Toward the end of the cycling day, I experienced another kind gesture, this one from some guys repairing farm equipment around 20 miles away from here.  I had run out of water, and stopped to ask if I could fill my water bottles in their shop.  Not only did they offer me cold water, they insisted that I top off the bottles with ice.

Tomorrow, we will ride to St Clair, MI; and the day after tomorrow, we will enter Canada at Marine City-Sombra.

Wendy writing:

It was really wonderful to see my middle school friend Laurie and her husband Rich in Manitowac! We enjoyed a too brief lunch and then it was fun to have them see us off on the SS Badger. We hope that our paths may cross again on our return trip back to California (our route still TBD).

The 4 hour cruise on the SS Badger was lovely – warm, sunny, really enjoyable to be out on the deck. I had forgotten how the Great Lakes are each so big that they look like the ocean!

It felt crazy to us Californians to have fresh water in what looks like the ocean. After swimming in Lake Michigan, there was no need to rinse off. I also loved the sand dunes – reminiscent of my family childhood trips to Indiana Dunes.

At Lake Michigan Recreation Area, we were really surprised to see how the dunes supported an ecosystem beyond just dune grasses (but then again, Golden Gate Park in San Francisco is all on dunes).

We have continued to enjoy the conversations with people who voted for Trump.These connections often come up when we stop for lunch or a snack, or ask someone to take a photo of the two of us. After Laura took our photos at Lake Michigan, we enjoyed talking with her and her husband, Mike.

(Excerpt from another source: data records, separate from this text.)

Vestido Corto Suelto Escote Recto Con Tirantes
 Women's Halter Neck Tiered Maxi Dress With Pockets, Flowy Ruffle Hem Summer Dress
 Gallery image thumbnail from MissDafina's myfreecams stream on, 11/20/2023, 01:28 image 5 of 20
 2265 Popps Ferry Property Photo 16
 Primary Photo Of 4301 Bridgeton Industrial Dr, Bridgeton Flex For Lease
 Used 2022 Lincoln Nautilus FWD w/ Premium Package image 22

They identified themselves as a “divided couple” – she votes Democrat and voted for Clinton; he votes Republican and voted for Trump (not because he likes Trump – he feels that the Republicans have the correct approach – and he definitely did not like Clinton). Laura is a teacher with many Muslim students who are very frightened in our country with the Trump administration.

We experienced our first (and we hope only) sketchy campground at Black Creek State Campground just outside of Sanford, MI. It was mostly empty and there were a couple of sketchy characters, one who seemed like he was on drugs, roaming through the campground. This was the only place where we did not feel safe leaving the van and trailer while we both cycled – so we moved our rig elsewhere and then cycled.

The terrain has become more varied in eastern Wisconsin and Michigan – with forests re-entering the picture and orchards for the first time. It’s interesting to see fruit orchards and forests juxtaposed with crops.

We continue to LOVE our trailer (despite having to tape the screens on at each camp) – and have no interest in staying in hotels or AirBnBs.

We have been so lucky with weather. Southern Wisconsin had flooding from drenching rainstorms – luckily our route missed that!